Apache Kafka Cluster - TLS encryption on HDInsight
Published Mar 20 2024 04:22 PM 2,134 Views
Microsoft

In this blog we will go through how to set up Transport Layer Security (TLS) encryption for HDInsight Apache Kafka cluster (between Apache Kafka brokers and Apache Zookeepers). 

 

Prerequisite

1. Create Apache Kafka Cluster 

2. SSH Access to the cluster

 

The blog covers self-sign certificate, the process remains same for certificates issues from Certificate Authority (CA).

 

TLS Setup for Apache Kafka Brokers

 

User can generate TLS for each broker Domian/IP address/Node Name or Subject Alternative Name (SAN) or Wildcard certificate. The choice between individual vs Wildcard vs SAN is depends on your cluster behavior.

 

If you are planning to have scale out feature of the HDInsight Apache Kafka cluster, then it is less hassle if you use Wildcard or SAN certificate. At the time of scale out, you would not require generating new certificate of each additional node, if you are using Wildcard or SAN certificate.

 

 

The HDInsight Apache Kafka cluster broker's DNS names follow similar pattern within given cluster wnX-<cluster name>.<unique id>.bx.internal.cloudapp.net, that means you can generate either wildcard or SAN certificate for the cluster without worrying about cluster scale out.

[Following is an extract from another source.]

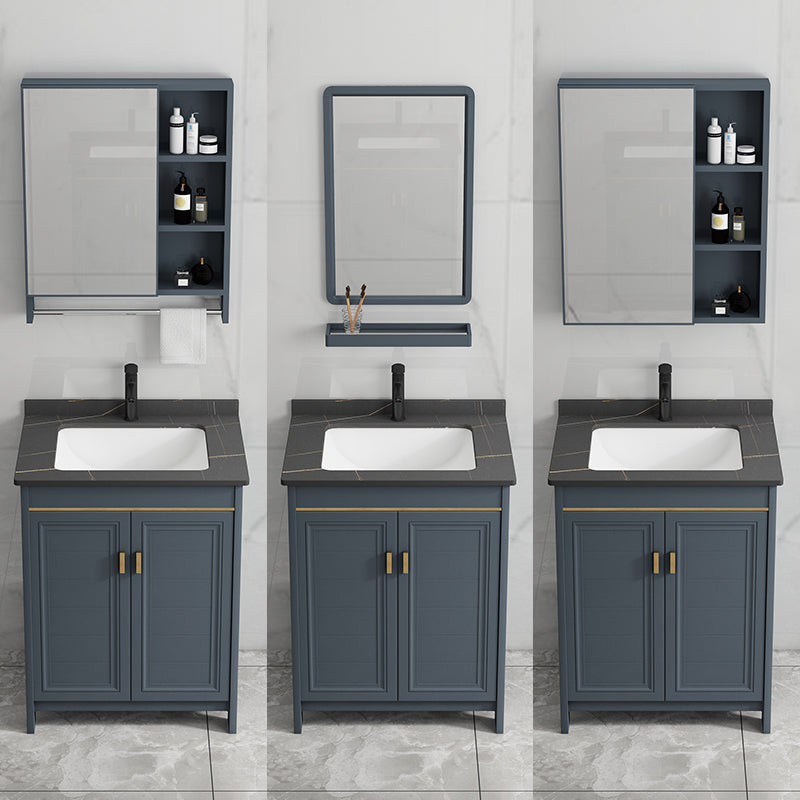 Blue Bathroom Vanity Metal Frame Single Sink Rectangle Mirror Bath Vanity with 2 Doors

Before we jump into certificate generation process, let's understand few points:

  1. Certificate can be generated outside of the cluster nodes, via different build pipeline and make them available to the cluster (head node, brokers, and zookeeper nodes) or from the head node. Over here we are assuming you are generating self-sign SAN certificate from the head node. 
  2. Self-sign vs CA cert process - The self-signed certificates are public key certificates that are not issued by a certificate authority (CA). These self-signed certificates are easy to make and do not cost money. However, they do not provide any trust value. It is recommended to use CA cert for the production workload. 

Steps to generate SAN certificate for the Kafka and Zookeeper Nodes:

 

Here we are assuming you are using self-sign certification and generating such certification from cluster head node.

 

1. SSH to Head node or you from your local development environment.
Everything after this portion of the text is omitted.